Many defects take place during the process of moulds and dies manufacture. This paper will suggest some solutions to these problems.
1. The forging process.
High carbon steels and high alloy steels, such as Cr12MoV and W18Cr4V, are widely used in manufacturing of moulds and dies. Nevertheless, these steels have defects like composition segregation, uneven carbides, uneven microstructures, etc. Therefore, rational forging process should be used to shape work-blanks. With this method, sizes and specifications of steels can meet those of work-blanks, while micronstructures and performances of steels can be improved at the same time. Besides, due to the poor thermal conductivity of these forgings, heating process should be slow and well-distributed. One should take suitable forging ratior within the range of forging temperatures.
2. The cutting process.
Perfect cutting process of moulds
and dies can make sure precise fillet radius in transitional regions as well as smooth connection between arcs and straight lines. With poor machining process, three kinds of damages might happen to moulds and dies. First, unsuitable machining process might lead to sharp corners or undersize fillets. In this case, grave stress concentration will occur to moulds or dies in work. Second, rough surfaces of tooling after machining process might exist marks, fissures, incisions and other defects. These defects are stress concentration points as well as initiation of crack, fatigue crack or thermal fatigue crack. Third, if decarburized layers of work-blanks that produced during roolling or forging process were not cut completely and evenly, uneven hardening layers might occur during thermal treatment. Thus, the abrasive resistance of tooling will decrease.
3. The grinding process.
In general, moulds and dies should undergo grinding process after quenching and tempering to reduce the surface roughness.
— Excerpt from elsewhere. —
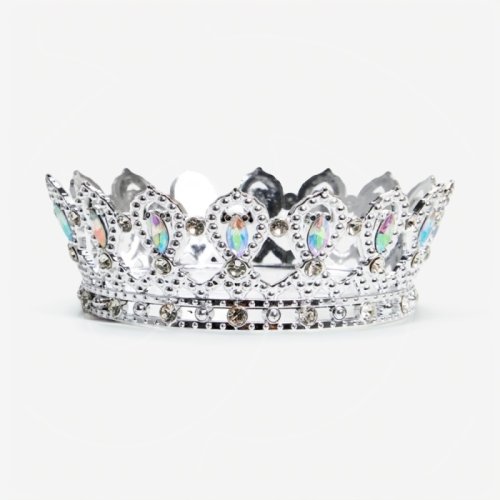 Топпер декоративный "Корона с камнями" Серебро/Перламутр 15х5 см 11019106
Faults like excessive grinding speed, undersized granularity of the grinding wheel, poor cooling conditions and others may shorten the service life of tooling. That is because, these faults may result in partial overheating of tooling surfaces and changes the microstructures of tooling. The surface of products may soften with abating hardness. Moreover, relatively high tensile stresses might occur. To take stress relief treatment after grinding process can effectively prevent from grinding cracks. There are many measures can be employed to keep off overheating or cracks.
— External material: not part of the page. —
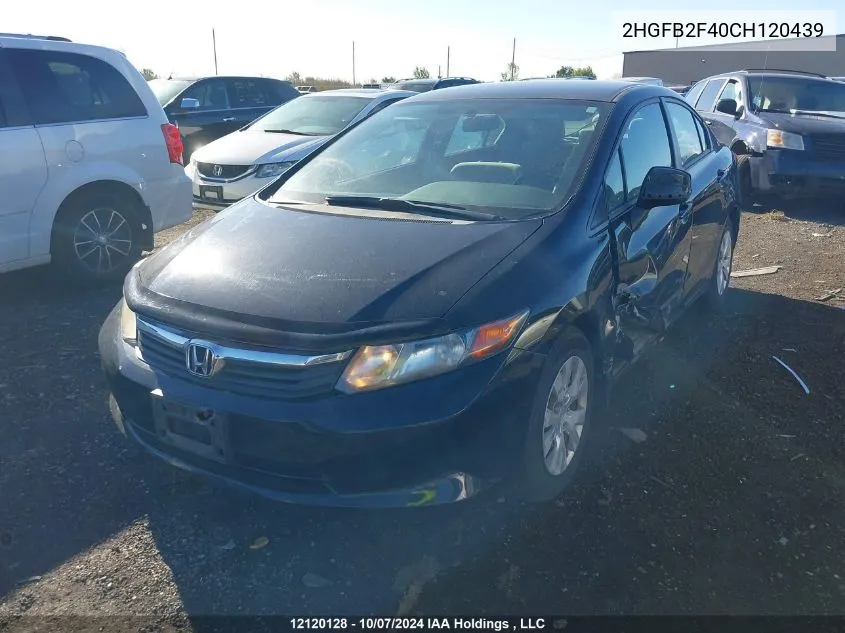 2012 Honda Civic VIN: 2HGFB2F40CH120439 Lot: 12120128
4.The electrical discharge machining.
A mass of heat will be generated during this process. The temperature of regions for machining reaches about 10000℃. Due to the high temperature, structures within the region will certainly change. Surfaces of tooling will molten under high temperatures and cooling down in no time. Therefore, new solidified layers will take form on the surface. These new solidified layers are white and have many microscopic cracks. In order to prolong service life of moulds and dies, die casting manufacturers can take the following measures. First, adjusting the parameters. Second, using electrolytic method or mechanical grinding to remove the white layers on the surfaces, especially those microscopic cracks. Third,employing low temperature tempering for one time after electrical discharge machining to stabilize the abnormal layers and stop microscopic cracks from expansion.